In Live Not By Lies, I quote Hannah Arendt on the pre-totalitarian societies of Germany and Russia:

The members of the elite did not object at all to paying a price, the destruction of civilization, for the fun of seeing how those who had been excluded unjustly in the past forced their way into it.

I don’t think the school board members are seeing this as “fun,” exactly, but they certainly don’t care that they are destroying an important part of civilization in the name of inclusion and egalitarianism.

This passage from Live Not By Lies is also applicable to the Lowell situation:

It’s possible to miss the onslaught of totalitarianism, precisely because we have a misunderstanding of how its power works. In 1951, poet and literary critic Czesław Miłosz, exiled to the West from his native Poland as an anti-communist dissident, wrote that Western people misunderstand the nature of communism because they think of it only in terms of “might and coercion.”

“That is wrong,” he wrote. “There is an internal longing for harmony and happiness that lies deeper than ordinary fear or the desire to escape misery or physical destruction.”

In The Captive Mind, Miłosz said that communist ideology filled a void that had opened in the lives of early twentieth-century intellectuals, most of whom had ceased to believe in religion.

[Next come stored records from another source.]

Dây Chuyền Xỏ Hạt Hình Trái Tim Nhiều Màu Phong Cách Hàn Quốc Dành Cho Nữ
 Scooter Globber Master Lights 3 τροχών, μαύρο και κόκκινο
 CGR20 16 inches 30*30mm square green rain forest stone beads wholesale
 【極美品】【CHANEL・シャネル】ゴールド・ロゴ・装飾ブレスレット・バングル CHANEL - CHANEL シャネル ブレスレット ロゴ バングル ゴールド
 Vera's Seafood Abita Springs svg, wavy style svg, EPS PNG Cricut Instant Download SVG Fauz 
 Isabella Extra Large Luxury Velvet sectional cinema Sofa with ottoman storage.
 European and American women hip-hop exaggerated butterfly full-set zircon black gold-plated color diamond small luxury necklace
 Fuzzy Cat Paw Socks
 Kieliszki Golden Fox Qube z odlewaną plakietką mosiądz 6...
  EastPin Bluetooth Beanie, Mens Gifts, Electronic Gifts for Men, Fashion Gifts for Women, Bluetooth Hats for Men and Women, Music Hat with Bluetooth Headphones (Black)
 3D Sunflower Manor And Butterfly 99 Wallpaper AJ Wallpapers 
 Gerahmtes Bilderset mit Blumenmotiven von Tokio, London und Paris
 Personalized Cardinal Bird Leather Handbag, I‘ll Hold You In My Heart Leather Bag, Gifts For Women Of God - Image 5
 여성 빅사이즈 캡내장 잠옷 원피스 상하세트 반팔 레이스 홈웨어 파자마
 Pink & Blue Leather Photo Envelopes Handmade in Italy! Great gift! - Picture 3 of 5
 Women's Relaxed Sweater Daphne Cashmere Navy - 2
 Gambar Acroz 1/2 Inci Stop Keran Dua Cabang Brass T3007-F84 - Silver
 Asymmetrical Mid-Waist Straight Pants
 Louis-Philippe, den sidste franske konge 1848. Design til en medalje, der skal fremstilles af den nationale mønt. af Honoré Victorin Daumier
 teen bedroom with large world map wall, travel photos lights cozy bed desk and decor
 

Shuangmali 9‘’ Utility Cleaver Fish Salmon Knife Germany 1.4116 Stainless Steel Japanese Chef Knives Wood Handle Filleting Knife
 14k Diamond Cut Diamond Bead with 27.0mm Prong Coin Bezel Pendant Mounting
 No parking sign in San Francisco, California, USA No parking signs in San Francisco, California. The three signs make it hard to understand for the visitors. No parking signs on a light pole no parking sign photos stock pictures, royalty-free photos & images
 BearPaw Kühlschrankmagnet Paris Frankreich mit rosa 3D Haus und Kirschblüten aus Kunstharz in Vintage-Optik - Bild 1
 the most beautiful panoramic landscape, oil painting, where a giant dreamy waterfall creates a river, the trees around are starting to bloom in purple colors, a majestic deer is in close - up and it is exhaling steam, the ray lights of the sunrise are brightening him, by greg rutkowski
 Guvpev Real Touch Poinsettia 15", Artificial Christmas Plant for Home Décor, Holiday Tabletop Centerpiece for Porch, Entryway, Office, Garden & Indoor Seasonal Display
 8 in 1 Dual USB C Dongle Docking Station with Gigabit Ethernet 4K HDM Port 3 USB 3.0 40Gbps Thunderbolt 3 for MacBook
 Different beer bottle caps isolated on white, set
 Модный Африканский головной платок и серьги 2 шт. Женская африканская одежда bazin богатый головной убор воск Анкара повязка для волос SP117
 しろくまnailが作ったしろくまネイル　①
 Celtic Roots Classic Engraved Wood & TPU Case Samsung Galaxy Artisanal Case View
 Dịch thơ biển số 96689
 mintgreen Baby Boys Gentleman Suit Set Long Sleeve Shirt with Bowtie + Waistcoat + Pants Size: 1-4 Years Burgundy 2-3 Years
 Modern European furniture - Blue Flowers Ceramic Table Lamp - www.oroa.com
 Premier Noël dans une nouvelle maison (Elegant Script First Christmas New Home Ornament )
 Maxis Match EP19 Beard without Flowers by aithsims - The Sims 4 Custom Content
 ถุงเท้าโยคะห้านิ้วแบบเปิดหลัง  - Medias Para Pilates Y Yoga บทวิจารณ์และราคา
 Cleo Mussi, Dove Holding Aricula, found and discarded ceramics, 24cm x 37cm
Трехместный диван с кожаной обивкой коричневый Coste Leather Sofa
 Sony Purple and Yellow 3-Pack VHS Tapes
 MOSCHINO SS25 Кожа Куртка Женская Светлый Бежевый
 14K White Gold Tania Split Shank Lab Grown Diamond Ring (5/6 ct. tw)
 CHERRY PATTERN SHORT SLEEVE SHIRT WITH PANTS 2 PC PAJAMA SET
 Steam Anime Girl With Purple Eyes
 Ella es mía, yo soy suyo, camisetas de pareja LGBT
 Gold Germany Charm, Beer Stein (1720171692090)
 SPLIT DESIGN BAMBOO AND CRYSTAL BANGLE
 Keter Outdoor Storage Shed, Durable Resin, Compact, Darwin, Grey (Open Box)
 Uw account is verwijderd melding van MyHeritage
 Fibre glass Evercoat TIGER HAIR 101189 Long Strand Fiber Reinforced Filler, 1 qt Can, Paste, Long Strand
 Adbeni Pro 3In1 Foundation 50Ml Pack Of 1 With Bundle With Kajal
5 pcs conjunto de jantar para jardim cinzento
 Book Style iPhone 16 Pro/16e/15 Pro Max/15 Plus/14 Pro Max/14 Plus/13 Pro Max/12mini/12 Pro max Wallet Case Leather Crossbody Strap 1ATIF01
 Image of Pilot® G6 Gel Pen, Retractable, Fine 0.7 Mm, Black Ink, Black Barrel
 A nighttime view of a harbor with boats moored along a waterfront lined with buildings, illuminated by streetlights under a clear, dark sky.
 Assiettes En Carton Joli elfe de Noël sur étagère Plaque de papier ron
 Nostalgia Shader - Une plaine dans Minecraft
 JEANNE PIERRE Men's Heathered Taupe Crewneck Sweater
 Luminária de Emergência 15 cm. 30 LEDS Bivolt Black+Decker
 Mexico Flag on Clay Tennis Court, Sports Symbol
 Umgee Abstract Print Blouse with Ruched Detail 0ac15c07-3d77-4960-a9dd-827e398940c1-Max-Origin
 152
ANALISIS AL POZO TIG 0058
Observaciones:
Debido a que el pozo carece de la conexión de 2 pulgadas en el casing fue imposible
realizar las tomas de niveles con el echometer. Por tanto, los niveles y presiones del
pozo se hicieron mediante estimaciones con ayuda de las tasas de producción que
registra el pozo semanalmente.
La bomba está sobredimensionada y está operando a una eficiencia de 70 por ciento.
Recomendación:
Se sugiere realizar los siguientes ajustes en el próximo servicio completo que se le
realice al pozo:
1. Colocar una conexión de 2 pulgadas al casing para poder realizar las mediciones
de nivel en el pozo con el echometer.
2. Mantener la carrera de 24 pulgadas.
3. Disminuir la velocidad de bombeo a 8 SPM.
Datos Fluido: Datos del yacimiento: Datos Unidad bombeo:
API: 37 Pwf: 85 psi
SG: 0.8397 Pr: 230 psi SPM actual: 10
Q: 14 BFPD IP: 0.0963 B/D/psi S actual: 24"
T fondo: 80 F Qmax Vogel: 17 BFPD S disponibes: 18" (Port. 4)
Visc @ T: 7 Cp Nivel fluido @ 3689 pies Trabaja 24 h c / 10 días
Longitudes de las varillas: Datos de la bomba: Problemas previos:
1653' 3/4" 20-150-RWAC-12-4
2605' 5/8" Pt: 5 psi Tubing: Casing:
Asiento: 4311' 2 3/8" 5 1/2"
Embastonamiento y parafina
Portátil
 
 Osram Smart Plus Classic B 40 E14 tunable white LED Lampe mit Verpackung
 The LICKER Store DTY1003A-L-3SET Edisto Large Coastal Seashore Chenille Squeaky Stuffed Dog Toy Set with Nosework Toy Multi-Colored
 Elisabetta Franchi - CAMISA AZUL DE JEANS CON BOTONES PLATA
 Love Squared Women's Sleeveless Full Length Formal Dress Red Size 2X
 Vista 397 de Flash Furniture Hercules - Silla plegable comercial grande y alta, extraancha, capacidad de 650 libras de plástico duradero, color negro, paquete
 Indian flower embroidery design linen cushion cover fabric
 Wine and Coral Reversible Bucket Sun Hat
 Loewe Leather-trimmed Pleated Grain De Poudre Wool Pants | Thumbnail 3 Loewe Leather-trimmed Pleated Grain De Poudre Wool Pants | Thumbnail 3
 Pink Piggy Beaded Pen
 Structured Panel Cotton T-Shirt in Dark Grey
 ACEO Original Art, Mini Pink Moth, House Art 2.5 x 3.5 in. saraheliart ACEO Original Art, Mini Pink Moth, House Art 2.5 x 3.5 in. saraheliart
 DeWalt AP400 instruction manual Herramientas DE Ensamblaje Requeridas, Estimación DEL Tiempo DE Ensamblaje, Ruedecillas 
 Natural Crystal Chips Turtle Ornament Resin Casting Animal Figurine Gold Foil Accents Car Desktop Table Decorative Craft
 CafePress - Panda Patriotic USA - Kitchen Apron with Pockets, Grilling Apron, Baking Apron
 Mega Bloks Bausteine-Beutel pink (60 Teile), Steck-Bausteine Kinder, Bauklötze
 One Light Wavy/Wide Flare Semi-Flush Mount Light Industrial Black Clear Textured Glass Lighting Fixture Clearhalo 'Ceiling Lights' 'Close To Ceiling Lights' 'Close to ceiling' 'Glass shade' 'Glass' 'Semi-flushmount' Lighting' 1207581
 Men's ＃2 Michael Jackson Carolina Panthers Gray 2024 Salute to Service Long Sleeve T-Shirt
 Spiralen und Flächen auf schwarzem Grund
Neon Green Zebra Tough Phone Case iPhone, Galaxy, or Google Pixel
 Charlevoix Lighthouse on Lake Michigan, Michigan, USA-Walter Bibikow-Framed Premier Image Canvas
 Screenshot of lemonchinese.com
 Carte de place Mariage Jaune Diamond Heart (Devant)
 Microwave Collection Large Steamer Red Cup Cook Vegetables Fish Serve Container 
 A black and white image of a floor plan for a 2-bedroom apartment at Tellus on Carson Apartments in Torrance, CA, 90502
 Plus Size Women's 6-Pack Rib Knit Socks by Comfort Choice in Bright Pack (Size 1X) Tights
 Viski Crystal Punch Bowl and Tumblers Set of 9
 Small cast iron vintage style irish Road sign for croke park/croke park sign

Today’s left-wing totalitarianism once again appeals to an internal hunger, specifically the hunger for a just society, one that vindicates and liberates the historical victims of oppression. It masquerades as kindness, demonizing dissenters and disfavored demographic groups to protect the feelings of “victims” to bring about “social justice.”

I guarantee you that’s what’s happening at Lowell now. And when this lottery system causes the quality of instruction nosedives to accommodate students who simply are not able to do the work, the answer will be: more diversity, more egalitarianism, more rage against the idea of excellence.

More calling Asian people like Howard Hsu racist for simply telling the truth. More lies all around — whatever it takes to satisfy that internal longing for harmony and happiness, which in this case can apparently only be realized by taking a valuable civic good away from certain people so nobody else feels bad about themselves.

What a shame for that school. It has been educating the city’s best and brightest for decades. Look at the list of alumni. And now the institution’s guardians — the San Francisco school board — has thrown it away so they can live by progressive lies.

Don’t think for a second that the same militant egalitarians aren’t going to target your school one day.